Zero landowner tags. ZERO


I wish we held sacred the principle of equal opportunity in the drawing process. If we had all along, if to us it were an immutable principle of the NAM that for any degradation would be a nonstarter in terms of conversation, we would not be dealing with so much of the BS we see today.

I believe more in slippery slopes now than ever before in my life. If, in good faith, we were to come up with a solution that involved an expansion of landowner tags in Montana, even if in exchange for something more amenable, I think I would be opposed. For only a few years down the road it doesn't seem unreasonable to suspect the take would be come larger, and likely one sided - forever.
 
I wish we held sacred the principle of equal opportunity in the drawing process. If we had all along, if to us it were an immutable principle of the NAM that for any degradation would be a nonstarter in terms of conversation, we would not be dealing with so much of the BS we see today.
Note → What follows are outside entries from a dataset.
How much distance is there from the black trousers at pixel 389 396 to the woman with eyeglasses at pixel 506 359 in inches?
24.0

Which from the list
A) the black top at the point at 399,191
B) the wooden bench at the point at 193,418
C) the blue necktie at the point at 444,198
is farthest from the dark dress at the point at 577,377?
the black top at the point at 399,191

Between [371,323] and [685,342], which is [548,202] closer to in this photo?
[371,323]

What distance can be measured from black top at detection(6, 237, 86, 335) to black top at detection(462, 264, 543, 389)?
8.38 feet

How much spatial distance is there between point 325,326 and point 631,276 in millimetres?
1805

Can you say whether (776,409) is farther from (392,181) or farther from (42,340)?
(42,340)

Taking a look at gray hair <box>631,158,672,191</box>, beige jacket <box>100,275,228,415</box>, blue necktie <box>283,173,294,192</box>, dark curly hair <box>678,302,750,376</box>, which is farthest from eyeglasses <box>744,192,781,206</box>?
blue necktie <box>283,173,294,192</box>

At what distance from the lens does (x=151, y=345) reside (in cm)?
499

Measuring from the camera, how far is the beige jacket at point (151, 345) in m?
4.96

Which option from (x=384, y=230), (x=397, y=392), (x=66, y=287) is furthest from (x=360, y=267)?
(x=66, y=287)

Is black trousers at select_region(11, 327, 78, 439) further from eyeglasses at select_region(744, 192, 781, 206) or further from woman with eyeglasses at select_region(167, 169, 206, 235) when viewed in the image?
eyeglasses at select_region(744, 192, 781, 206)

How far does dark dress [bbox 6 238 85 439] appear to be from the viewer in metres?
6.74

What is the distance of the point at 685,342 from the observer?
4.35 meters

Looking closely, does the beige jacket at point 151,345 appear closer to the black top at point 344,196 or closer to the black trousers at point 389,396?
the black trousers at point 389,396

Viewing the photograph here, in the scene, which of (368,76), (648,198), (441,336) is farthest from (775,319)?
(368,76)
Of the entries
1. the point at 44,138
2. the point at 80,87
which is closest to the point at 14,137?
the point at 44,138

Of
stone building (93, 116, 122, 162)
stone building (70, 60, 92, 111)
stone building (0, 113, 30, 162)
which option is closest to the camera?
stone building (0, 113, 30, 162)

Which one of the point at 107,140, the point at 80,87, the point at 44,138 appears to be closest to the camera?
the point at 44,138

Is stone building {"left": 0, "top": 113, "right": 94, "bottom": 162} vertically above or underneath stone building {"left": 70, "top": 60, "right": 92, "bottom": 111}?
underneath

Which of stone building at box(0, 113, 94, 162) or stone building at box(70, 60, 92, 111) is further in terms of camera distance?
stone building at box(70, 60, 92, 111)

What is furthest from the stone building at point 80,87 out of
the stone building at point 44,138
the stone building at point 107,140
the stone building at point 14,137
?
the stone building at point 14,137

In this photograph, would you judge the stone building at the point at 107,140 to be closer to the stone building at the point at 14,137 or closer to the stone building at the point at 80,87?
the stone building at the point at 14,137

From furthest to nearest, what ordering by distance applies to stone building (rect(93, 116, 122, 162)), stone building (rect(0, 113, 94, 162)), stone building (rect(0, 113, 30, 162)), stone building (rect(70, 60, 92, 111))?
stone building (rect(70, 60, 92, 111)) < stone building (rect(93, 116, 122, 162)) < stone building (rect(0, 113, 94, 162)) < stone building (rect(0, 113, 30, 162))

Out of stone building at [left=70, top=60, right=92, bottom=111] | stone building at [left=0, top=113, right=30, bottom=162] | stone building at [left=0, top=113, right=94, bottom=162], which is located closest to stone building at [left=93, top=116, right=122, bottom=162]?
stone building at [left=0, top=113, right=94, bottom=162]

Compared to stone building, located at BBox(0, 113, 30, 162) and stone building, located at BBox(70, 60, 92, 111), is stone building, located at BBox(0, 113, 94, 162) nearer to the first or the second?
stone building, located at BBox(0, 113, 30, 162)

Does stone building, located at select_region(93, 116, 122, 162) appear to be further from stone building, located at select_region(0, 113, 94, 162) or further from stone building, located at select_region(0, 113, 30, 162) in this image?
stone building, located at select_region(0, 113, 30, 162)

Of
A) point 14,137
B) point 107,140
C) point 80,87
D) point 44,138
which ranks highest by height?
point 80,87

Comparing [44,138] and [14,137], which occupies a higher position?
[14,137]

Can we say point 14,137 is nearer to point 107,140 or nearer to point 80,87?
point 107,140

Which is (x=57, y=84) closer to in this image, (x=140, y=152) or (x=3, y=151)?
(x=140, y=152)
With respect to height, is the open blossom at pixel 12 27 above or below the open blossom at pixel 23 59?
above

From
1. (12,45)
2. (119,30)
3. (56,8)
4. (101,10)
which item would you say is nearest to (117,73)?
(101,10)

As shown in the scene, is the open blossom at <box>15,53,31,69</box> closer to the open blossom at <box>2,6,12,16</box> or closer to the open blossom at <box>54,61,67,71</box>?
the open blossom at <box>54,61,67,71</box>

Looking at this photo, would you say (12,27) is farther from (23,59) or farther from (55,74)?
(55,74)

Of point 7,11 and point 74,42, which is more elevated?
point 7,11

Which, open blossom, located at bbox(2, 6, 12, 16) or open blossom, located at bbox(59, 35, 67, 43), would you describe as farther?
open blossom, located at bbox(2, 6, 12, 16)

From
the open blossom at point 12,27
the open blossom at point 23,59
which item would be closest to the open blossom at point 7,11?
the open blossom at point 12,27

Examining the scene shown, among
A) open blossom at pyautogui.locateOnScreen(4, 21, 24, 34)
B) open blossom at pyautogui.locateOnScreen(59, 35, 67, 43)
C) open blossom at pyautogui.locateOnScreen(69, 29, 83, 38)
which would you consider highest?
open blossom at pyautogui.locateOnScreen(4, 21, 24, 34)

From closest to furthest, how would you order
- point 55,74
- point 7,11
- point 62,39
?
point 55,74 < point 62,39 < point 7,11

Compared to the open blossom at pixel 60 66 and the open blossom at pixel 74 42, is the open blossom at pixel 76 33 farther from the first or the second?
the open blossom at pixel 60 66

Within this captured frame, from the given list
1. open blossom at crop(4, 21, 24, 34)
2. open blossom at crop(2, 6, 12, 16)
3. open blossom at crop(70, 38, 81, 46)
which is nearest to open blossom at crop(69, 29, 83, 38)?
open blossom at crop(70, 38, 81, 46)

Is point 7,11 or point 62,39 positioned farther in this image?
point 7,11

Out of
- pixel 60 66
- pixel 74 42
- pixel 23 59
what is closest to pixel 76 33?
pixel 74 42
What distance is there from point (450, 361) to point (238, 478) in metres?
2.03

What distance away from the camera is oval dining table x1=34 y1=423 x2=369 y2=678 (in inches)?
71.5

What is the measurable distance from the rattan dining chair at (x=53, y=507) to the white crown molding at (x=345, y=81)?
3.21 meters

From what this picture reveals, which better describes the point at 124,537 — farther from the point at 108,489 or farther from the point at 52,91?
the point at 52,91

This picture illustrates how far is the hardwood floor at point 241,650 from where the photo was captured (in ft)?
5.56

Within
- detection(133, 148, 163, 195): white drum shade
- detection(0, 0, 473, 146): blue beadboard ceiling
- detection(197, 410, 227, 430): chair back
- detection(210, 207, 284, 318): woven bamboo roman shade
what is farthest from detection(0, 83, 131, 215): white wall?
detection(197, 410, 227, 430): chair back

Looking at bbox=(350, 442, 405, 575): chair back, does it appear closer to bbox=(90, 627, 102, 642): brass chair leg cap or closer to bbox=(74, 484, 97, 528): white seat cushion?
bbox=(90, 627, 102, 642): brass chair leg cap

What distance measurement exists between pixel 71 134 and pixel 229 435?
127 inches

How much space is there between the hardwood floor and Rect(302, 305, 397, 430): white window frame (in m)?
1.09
I believe more in slippery slopes now than ever before in my life. If, in good faith, we were to come up with a solution that involved an expansion of landowner tags in Montana, even if in exchange for something more amenable, I think I would be opposed. For only a few years down the road it doesn't seem unreasonable to suspect the take would be come larger, and likely one sided - forever.
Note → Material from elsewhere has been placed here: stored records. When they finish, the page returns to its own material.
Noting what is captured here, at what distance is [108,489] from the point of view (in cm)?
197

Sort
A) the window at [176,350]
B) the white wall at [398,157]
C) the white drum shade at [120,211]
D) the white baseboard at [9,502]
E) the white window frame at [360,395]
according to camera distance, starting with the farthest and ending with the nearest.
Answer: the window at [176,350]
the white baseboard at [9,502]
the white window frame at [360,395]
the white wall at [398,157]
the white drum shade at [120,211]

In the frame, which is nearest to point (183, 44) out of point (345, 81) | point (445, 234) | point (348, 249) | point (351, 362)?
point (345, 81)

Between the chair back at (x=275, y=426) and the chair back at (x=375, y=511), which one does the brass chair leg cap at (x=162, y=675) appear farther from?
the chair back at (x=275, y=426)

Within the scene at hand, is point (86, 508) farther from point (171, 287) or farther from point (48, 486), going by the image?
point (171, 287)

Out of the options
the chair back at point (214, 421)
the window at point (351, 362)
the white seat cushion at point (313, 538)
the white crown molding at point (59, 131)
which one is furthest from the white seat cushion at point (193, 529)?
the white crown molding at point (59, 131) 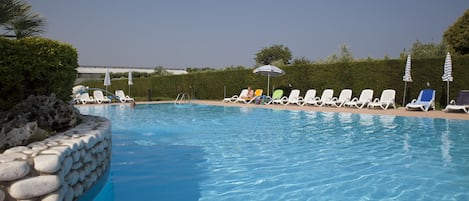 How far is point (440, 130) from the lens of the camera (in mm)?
7719

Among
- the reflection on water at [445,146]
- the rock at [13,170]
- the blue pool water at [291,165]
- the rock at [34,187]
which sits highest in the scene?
the rock at [13,170]

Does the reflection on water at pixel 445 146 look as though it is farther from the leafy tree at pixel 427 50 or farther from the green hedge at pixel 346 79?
the leafy tree at pixel 427 50

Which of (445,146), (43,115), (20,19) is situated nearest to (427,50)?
(445,146)

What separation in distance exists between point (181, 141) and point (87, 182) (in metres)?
3.49

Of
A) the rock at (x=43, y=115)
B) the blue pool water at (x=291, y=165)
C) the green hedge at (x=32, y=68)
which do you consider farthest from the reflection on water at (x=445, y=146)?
the green hedge at (x=32, y=68)

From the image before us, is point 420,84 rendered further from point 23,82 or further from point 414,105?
point 23,82

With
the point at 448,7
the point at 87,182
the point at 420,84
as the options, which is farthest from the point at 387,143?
the point at 448,7

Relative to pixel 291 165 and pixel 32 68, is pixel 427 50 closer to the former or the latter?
pixel 291 165

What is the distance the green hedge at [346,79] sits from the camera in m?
13.2

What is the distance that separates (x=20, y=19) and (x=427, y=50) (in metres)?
30.4

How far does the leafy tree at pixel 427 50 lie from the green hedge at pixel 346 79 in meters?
11.5

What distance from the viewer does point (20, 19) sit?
5.75 m

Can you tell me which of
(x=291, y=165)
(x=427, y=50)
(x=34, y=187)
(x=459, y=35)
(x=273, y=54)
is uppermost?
(x=273, y=54)

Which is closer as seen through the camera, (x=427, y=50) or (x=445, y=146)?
(x=445, y=146) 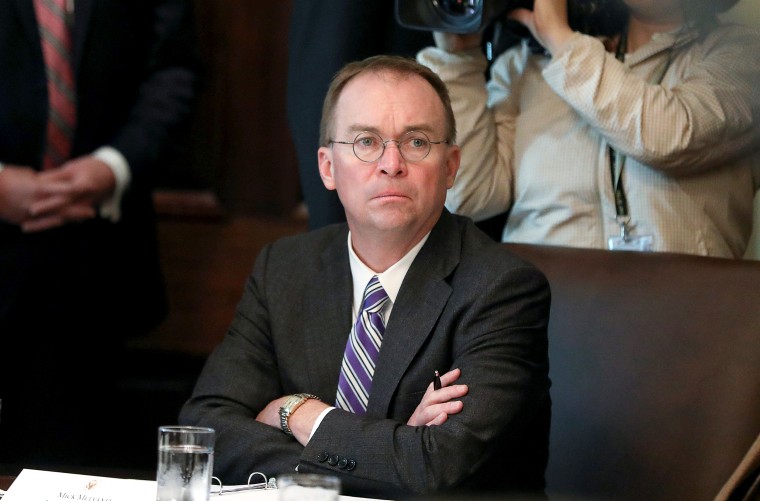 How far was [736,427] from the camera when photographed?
5.82ft

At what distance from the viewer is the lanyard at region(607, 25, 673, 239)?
2.21 m

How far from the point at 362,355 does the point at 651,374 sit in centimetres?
49

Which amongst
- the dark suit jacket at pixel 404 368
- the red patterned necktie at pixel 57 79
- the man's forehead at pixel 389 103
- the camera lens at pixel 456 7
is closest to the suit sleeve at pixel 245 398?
the dark suit jacket at pixel 404 368

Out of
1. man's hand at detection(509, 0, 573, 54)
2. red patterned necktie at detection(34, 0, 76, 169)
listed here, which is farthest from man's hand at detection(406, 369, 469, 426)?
red patterned necktie at detection(34, 0, 76, 169)

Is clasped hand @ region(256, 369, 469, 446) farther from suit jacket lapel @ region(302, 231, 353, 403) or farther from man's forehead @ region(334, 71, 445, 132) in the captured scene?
man's forehead @ region(334, 71, 445, 132)

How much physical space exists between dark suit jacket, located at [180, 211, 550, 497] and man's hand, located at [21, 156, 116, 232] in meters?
0.90

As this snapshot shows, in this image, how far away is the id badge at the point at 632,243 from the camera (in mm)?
2195

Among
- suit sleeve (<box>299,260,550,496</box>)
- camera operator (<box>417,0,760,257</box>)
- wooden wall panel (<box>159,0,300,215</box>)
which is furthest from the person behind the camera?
wooden wall panel (<box>159,0,300,215</box>)

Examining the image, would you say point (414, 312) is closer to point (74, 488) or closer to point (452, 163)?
point (452, 163)

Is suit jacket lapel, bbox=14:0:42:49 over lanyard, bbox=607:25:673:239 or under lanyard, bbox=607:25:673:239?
over

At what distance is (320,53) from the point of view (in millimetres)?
2490

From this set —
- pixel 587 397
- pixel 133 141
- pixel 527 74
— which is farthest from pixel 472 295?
pixel 133 141

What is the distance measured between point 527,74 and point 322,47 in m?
0.46

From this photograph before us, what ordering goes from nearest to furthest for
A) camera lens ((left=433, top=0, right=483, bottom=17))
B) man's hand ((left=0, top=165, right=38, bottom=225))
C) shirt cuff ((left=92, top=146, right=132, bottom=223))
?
camera lens ((left=433, top=0, right=483, bottom=17)) → man's hand ((left=0, top=165, right=38, bottom=225)) → shirt cuff ((left=92, top=146, right=132, bottom=223)) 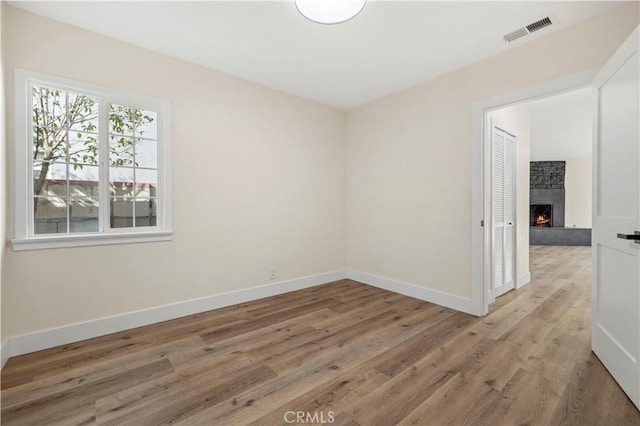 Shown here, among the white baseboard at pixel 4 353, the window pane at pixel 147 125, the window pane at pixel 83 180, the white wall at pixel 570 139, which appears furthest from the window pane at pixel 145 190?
the white wall at pixel 570 139

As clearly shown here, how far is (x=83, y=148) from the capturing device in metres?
2.52

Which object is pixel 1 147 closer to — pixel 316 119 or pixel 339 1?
pixel 339 1

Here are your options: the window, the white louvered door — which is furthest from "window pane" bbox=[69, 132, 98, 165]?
the white louvered door

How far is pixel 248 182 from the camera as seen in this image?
344 centimetres

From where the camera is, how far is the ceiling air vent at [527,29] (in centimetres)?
228

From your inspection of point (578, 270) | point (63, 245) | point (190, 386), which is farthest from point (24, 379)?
point (578, 270)

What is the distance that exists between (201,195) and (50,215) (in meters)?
1.23

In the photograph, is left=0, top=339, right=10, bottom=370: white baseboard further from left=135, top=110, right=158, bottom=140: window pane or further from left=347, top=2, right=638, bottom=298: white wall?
left=347, top=2, right=638, bottom=298: white wall

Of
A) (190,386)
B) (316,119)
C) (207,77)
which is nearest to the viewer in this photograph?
(190,386)

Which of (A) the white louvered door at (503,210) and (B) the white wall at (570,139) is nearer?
(A) the white louvered door at (503,210)

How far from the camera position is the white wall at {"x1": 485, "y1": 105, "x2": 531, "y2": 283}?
3792mm

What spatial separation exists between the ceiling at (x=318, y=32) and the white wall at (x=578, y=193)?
876 centimetres

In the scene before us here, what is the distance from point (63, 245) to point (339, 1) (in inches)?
113

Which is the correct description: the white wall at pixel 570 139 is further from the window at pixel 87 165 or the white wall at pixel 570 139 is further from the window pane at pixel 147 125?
the window at pixel 87 165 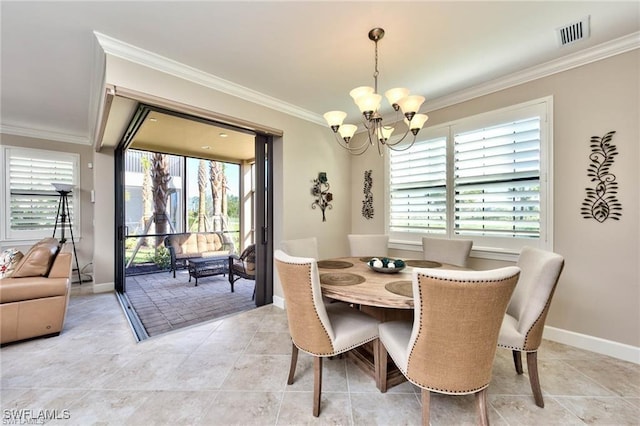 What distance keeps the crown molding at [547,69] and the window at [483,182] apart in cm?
27

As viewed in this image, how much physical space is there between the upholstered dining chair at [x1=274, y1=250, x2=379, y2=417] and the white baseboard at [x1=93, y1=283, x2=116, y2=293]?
4089 mm

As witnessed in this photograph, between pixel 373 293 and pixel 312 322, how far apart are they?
16.9 inches

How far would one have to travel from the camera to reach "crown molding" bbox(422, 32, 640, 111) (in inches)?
85.5

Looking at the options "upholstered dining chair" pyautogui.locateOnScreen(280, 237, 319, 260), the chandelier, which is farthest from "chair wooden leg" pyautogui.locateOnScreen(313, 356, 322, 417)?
the chandelier

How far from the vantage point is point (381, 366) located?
1.83 metres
I don't think you can ever engage in this discussion while ignoring the past or expecting the past to repeat itself. However, I also think that if you engage in the discussion with honest intent, you can help assuage a lot of this back & forth. There will always be people looking to exploit the divide. This whole issue has been exploited by a few for their own gain, and now it's created such hard feelings between sportsmen, landowners and outfitters that a hard reset is really needed. We don't get that when the pendulum is swung so far to the right by the director & commission. We just get more entrenched opposition to even talking to each other.
 
Equity does not figure into the equation. Finding LO tolerance of the public is what this is about, if the public wants access.
Thinking "the public wants access" might put you into a box where there is no solution. The access issues have been beat to death. The only real solution is $$$ because we know it all boils down to that for the rancher. Making it about money gets MOGA's undies in a bunch because any $ solution might be competitive to those leases thereby jeopardizing their businesses. Hunters have to bite the bullet and take one for the resource - Pick your weapon-area-date. This keeps the same aggregate opportunity but disburses pressure. No reason for MOGA to oppose and doesn't affect ranchers at all.
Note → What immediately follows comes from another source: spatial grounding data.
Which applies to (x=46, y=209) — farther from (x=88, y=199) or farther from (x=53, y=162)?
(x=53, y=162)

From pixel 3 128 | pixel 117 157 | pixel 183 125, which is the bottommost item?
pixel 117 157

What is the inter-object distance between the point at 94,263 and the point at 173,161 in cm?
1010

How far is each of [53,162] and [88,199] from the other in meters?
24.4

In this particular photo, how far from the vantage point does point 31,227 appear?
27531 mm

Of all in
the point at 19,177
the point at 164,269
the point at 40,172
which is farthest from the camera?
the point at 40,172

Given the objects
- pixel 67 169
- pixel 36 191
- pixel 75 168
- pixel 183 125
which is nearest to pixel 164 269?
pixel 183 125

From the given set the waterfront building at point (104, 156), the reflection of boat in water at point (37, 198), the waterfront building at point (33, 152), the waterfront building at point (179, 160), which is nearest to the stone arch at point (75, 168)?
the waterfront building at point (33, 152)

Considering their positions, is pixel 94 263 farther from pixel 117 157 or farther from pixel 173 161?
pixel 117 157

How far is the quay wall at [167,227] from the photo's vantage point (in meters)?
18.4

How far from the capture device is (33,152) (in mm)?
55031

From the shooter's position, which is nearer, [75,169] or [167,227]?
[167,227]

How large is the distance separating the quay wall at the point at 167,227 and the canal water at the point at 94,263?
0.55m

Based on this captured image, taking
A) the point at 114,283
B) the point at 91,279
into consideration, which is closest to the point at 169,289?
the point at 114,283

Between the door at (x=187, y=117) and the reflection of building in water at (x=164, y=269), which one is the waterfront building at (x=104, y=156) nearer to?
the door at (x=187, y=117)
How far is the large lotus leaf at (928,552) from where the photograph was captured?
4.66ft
The discussion seems to show three groups
Ranchers that have zero tolerance for elk
Ranchers that have zero tolerance for public hunters
Ranchers that have zero tolerance for both
Ranchers that tolerate both are as common as unicorns

More LEOs in the field enforcing rules seems to be a no-brainer solution to improving relations between the groups.
 
Thinking "the public wants access" might put you into a box where there is no solution. The access issues have been beat to death. The only real solution is $$$ because we know it all boils down to that for the rancher. Making it about money gets MOGA's undies in a bunch because any $ solution might be competitive to those leases thereby jeopardizing their businesses. Hunters have to bite the bullet and take one for the resource - Pick your weapon-area-date. This keeps the same aggregate opportunity but disburses pressure. No reason for MOGA to oppose and doesn't affect ranchers at all.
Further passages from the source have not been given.